» EXERCISE
Restate word for word the opening line of the data below and every line after it until the line with "MRMS is actually", that line too, but not the pictures.
─── MATERIAL SUPPLIED
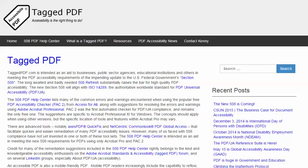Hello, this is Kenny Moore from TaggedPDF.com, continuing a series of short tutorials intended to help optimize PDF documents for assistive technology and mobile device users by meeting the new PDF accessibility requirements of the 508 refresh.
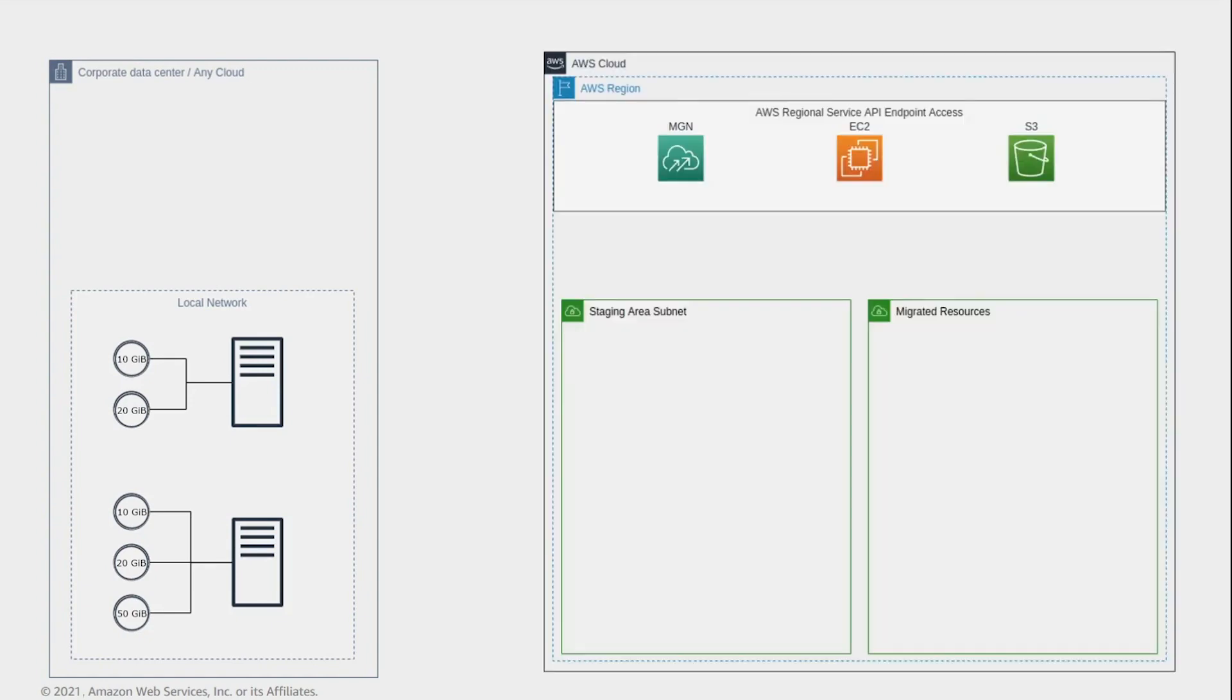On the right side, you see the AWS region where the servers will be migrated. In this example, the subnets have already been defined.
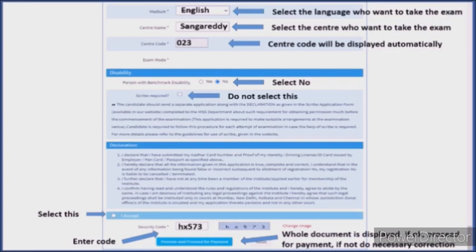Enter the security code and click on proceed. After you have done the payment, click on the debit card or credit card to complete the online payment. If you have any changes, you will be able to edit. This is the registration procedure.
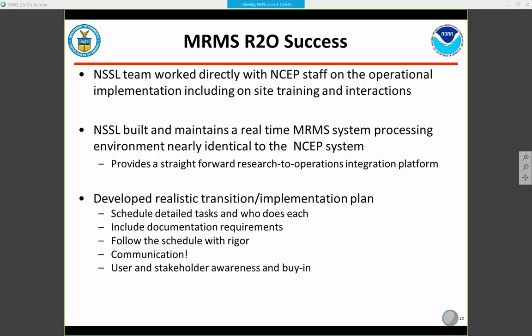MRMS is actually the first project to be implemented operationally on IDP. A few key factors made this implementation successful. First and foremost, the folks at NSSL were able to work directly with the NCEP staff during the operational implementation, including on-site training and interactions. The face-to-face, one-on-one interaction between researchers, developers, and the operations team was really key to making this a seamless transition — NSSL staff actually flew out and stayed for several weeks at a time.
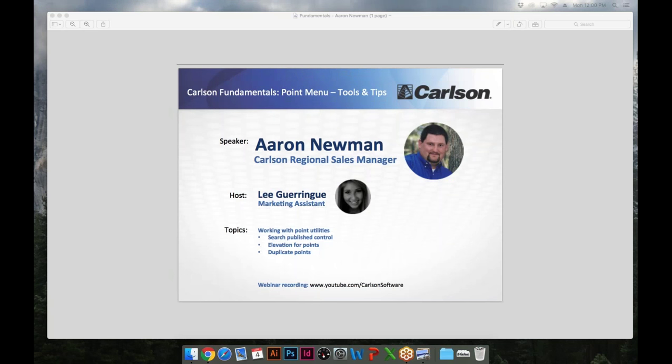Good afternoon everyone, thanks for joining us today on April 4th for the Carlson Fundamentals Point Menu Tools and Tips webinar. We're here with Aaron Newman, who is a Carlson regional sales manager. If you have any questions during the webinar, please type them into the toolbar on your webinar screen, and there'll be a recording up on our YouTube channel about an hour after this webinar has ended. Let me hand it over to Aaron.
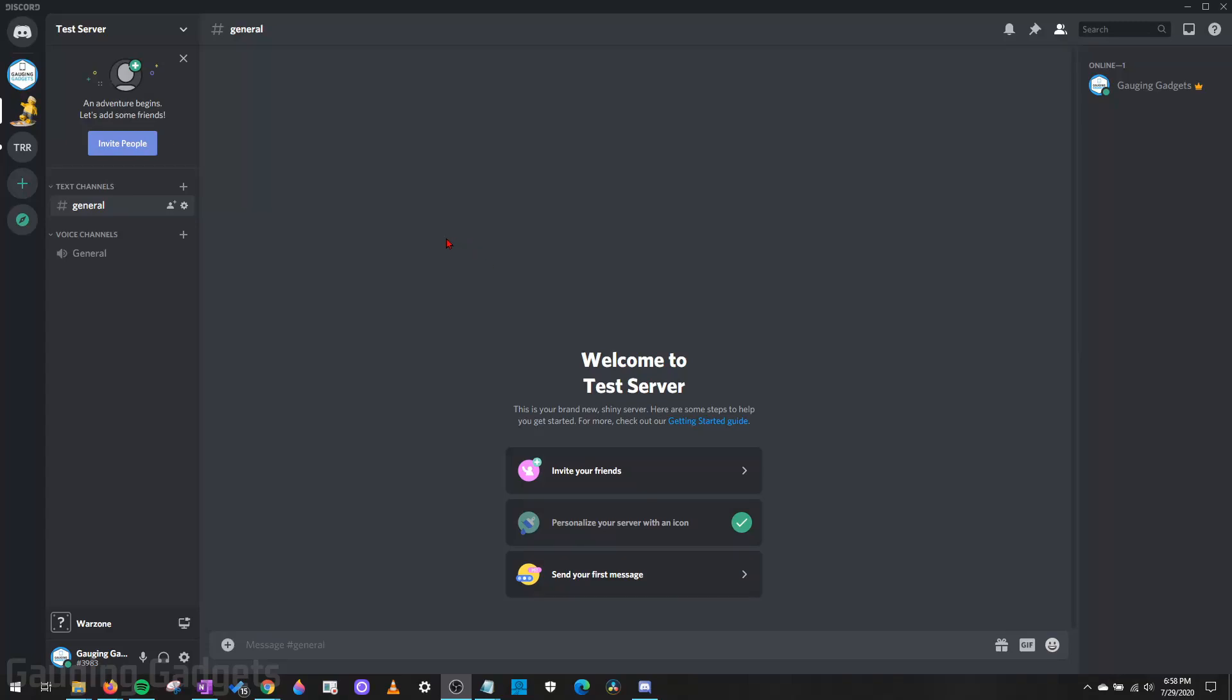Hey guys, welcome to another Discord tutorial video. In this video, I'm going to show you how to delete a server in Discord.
──────
» RESPONSE
Hello, this is Kenny Moore from TaggedPDF.com, continuing a series of short tutorials intended to help optimize PDF documents for assistive technology and mobile device users by meeting the new PDF accessibility requirements of the 508 refresh.
On the right side, you see the AWS region where the servers will be migrated. In this example, the subnets have already been defined.
Enter the security code and click on proceed. After you have done the payment, click on the debit card or credit card to complete the online payment. If you have any changes, you will be able to edit. This is the registration procedure.
MRMS is actually the first project to be implemented operationally on IDP. A few key factors made this implementation successful. First and foremost, the folks at NSSL were able to work directly with the NCEP staff during the operational implementation, including on-site training and interactions. The face-to-face, one-on-one interaction between researchers, developers, and the operations team was really key to making this a seamless transition — NSSL staff actually flew out and stayed for several weeks at a time.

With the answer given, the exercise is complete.